## [Required work]
Every line below from the one with "Bioluminescent Beach" through the one with "en anglais ?" should be retyped exactly, both ends included; no other lines and no pictures.

## [Excerpted records]
*** Begin section ***
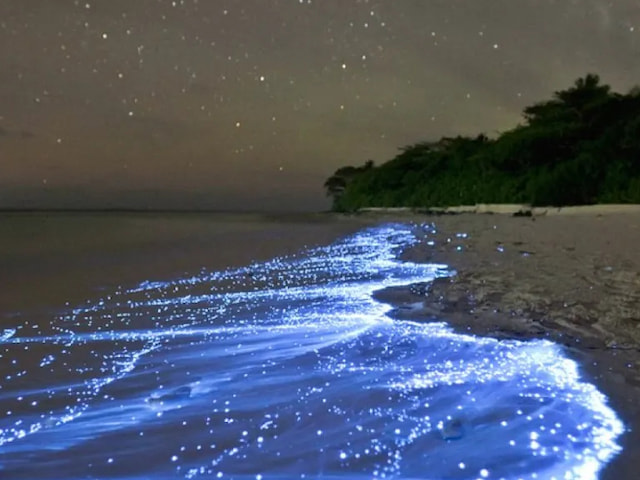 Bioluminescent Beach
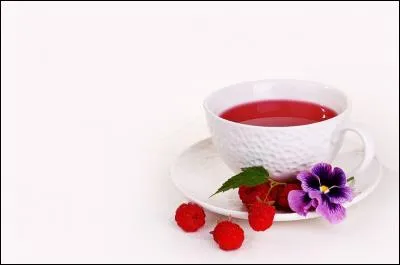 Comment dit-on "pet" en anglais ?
*** End section ***
*** Begin section ***
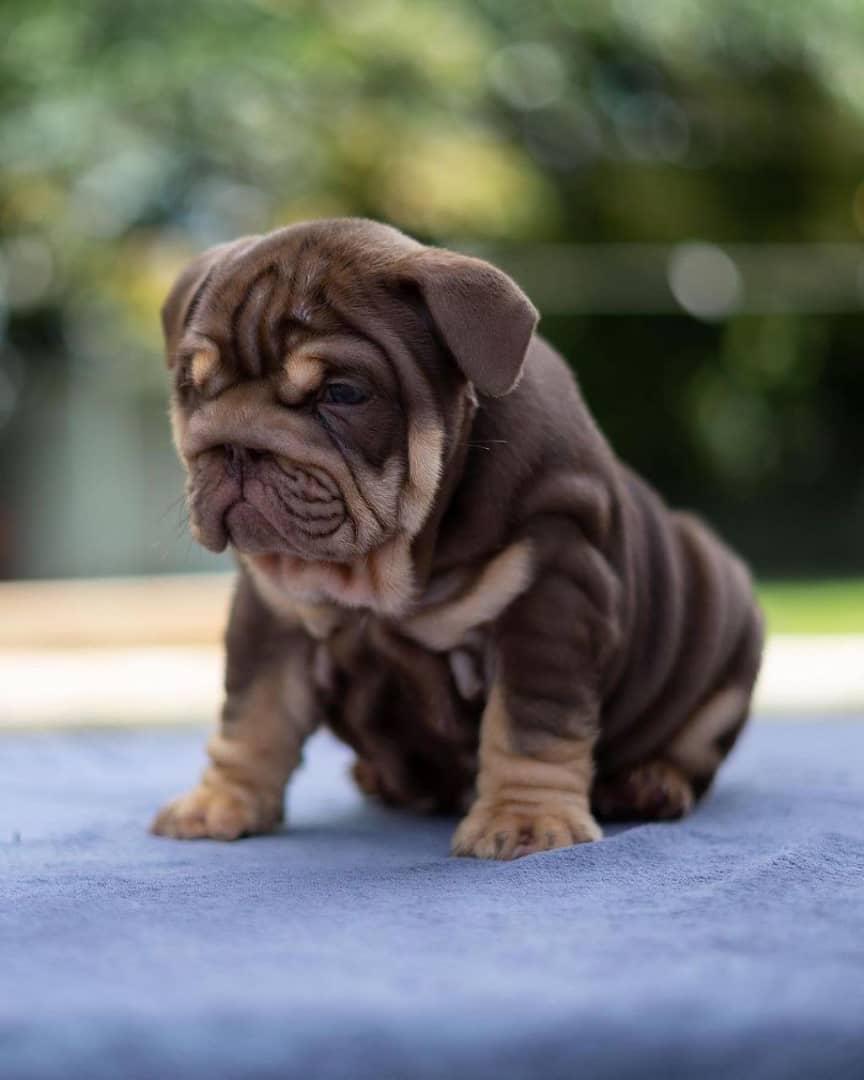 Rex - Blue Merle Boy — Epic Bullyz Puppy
*** End section ***
*** Begin section ***
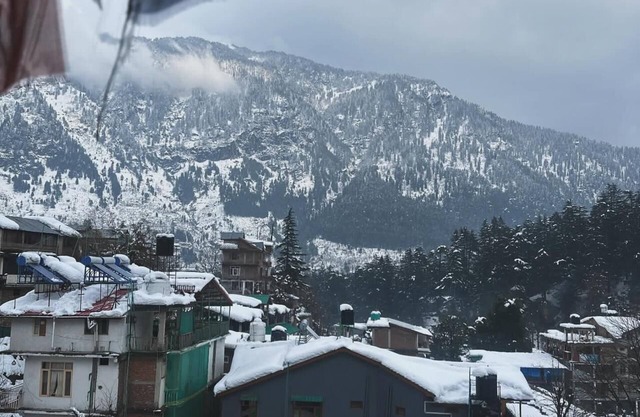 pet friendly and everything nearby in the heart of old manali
*** End section ***
## [Exercise answer]
 Bioluminescent Beach
 Comment dit-on "pet" en anglais ?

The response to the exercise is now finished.